▶ What is being asked:
All lines from the one containing "Ford Transit Custom 2023" to the end of the entries below must be output exactly, and no other lines.

Caption-style text data

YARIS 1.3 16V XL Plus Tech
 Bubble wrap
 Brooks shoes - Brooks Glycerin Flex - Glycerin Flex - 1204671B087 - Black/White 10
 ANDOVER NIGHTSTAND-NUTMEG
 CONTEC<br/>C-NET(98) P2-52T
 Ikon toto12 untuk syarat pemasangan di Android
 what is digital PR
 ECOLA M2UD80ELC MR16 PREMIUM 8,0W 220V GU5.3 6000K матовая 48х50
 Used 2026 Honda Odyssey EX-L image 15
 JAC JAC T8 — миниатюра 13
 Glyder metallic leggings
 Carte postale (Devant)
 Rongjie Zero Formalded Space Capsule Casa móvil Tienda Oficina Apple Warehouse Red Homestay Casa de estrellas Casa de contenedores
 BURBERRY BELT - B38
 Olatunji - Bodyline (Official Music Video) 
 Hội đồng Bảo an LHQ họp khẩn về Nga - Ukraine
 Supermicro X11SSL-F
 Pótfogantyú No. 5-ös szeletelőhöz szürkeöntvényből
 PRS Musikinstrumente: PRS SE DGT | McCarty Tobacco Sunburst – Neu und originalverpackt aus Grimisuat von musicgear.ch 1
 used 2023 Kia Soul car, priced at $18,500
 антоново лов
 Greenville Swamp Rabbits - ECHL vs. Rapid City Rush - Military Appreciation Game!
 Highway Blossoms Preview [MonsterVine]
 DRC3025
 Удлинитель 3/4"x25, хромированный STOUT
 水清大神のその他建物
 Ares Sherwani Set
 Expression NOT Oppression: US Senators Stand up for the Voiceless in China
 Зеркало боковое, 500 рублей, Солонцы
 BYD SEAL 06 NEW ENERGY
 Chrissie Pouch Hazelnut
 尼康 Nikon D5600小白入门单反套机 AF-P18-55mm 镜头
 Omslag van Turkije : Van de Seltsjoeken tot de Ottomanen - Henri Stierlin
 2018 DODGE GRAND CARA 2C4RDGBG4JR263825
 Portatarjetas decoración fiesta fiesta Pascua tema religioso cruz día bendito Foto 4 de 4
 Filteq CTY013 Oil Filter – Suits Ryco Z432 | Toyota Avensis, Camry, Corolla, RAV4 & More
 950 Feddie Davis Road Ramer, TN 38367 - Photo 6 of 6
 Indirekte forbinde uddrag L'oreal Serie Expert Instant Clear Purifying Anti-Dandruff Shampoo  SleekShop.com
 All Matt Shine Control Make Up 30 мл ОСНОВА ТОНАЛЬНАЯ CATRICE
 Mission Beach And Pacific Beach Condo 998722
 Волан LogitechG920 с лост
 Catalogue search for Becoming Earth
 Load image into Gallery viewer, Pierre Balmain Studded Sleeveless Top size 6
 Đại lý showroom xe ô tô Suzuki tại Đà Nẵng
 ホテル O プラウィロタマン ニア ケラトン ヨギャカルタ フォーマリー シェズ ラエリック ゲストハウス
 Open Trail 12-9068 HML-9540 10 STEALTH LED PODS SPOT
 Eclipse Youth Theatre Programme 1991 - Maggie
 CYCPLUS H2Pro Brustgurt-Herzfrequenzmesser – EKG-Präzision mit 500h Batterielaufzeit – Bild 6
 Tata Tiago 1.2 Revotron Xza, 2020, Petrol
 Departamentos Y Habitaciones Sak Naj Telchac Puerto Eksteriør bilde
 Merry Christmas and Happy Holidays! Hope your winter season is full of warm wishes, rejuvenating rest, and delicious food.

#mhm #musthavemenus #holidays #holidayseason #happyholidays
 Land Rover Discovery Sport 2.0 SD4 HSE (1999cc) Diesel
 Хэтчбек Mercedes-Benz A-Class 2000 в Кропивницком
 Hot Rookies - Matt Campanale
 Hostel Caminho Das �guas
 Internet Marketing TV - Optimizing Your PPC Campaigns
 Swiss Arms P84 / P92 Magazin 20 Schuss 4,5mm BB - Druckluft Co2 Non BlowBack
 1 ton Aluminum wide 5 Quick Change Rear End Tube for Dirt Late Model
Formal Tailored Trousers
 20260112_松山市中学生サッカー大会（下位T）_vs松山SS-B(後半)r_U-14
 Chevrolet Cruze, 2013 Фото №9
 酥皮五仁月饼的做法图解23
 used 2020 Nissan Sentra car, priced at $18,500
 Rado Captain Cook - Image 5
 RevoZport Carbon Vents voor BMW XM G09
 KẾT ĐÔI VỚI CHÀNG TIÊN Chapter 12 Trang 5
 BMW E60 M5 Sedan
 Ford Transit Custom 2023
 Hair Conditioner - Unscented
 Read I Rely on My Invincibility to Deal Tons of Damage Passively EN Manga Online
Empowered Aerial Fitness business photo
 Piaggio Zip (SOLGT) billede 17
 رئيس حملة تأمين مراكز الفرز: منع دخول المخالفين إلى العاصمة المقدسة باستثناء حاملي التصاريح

▶ Response for this exercise:
 Ford Transit Custom 2023
 Hair Conditioner - Unscented
 Read I Rely on My Invincibility to Deal Tons of Damage Passively EN Manga Online
Empowered Aerial Fitness business photo
 Piaggio Zip (SOLGT) billede 17
 رئيس حملة تأمين مراكز الفرز: منع دخول المخالفين إلى العاصمة المقدسة باستثناء حاملي التصاريح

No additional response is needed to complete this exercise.